I’m fighting the urge to say that the season is over because Shanahan still deserves the benefit of the doubt here: No matter the circumstances over the last seven seasons, he has been able to keep his team together. The telltale catty comments and hardly hidden backstabbing we see with truly spiraling teams have never happened in Santa Clara, even when things were bad.

“I haven’t lost confidence in this group. We’ve been through worse,” Nick Bosa said Sunday.

And he’s right.

But, simultaneously, the Niners have never been in a situation quite like this.

If 2024 was supposed to be the 49ers’ “Last Dance,” they haven’t made it to the dance floor yet.
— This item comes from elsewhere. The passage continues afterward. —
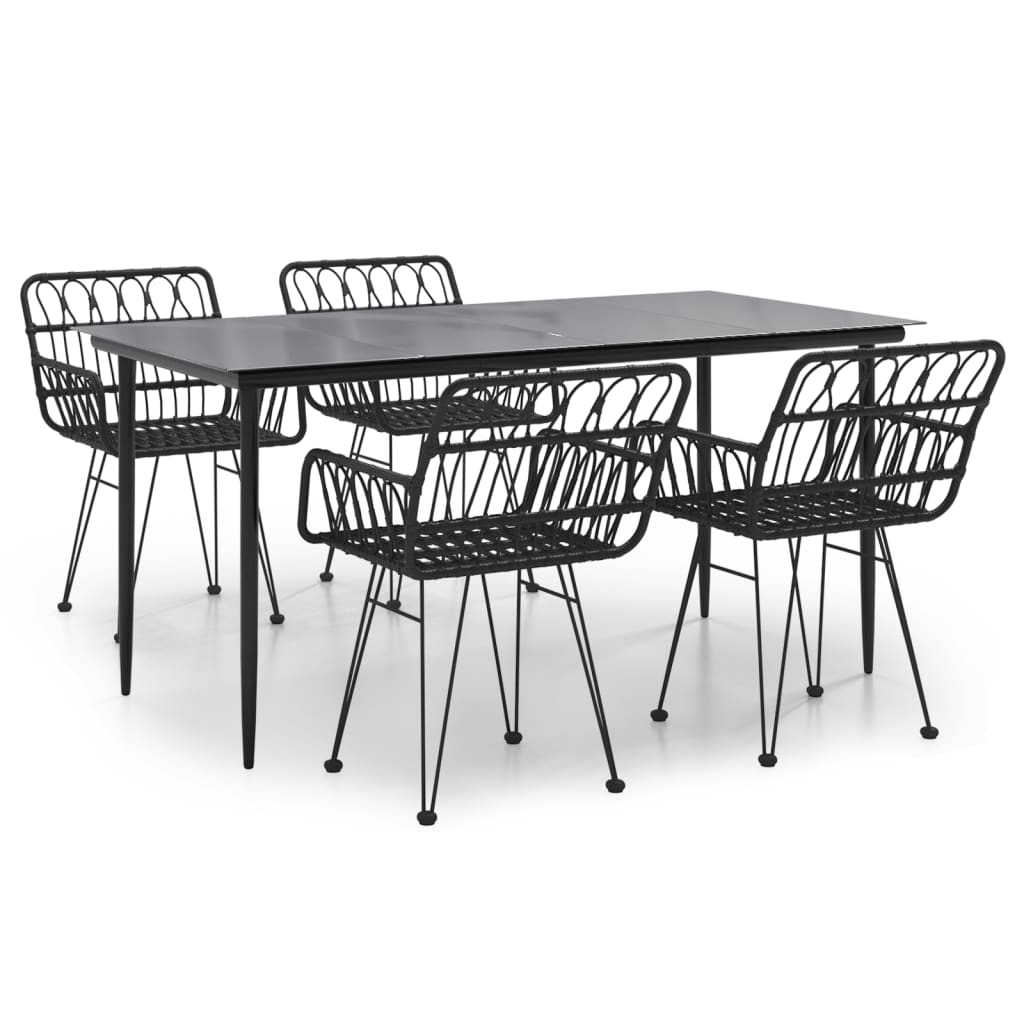 8720845818401_a_en_hd_1 vidaXL 5 Piece Garden Dining Set Black Poly Rattan - Image 2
The last Super Bowl hangover, back in 2020, featured a worldwide pandemic and a young, upstart team. You can forgive that kind of team for finishing at 6-10—they started three quarterbacks and had to live in a hotel in Arizona for the final month of the season.

This year’s team has no such extenuating health emergency (though its injury list is arguably at an epidemic level), and it features veteran after veteran with big names and big paychecks.

The dynamic is different. This team is not one that must learn how to win — it’s built to win, and nothing else but winning will do.

And so far this season, they are falling woefully short of that mark.

Take Sunday’s game as the best case in point yet.

We underestimated these 49ers. It turns out that they could, in fact, find a worse way to lose this season. This team’s collapse to the Rams in Week 3 proved far less embarrassing than Sunday’s loss to the Arizona Cardinals.

The Niners choked away another 10-point fourth-quarter lead — a 13-point second-half lead — with a scoreless second half.

Red-zone futility, including a critical lost fumble with six-plus minutes to play, an injured place-kicker, which resulted in the Niners going for a fourth-and-23 from Arizona’s 27-yard line late in the third quarter, and a withering defense, which allowed 5.2 yards per carry in the final frame, all came together (with so many more unbecoming factors) to drop the Niners below .500 again.

They’ll have one light practice before playing again on Thursday.

That quick turnaround will be cited as a positive. I’m not here to say it’s a negative.

Because to decide one way or the other with these Niners is a fool’s errand. There’s simply nothing predictable about this team so far this season.

There’s not one thing you can take for granted on this team right now. Everything is in flux. The only consistency is inconsistency.

And shouldn’t a team that fancies itself like a Super Bowl contender play at that level more than once five weeks into a season? Even lowering the bar, shouldn’t that team’s best football not come in its first game?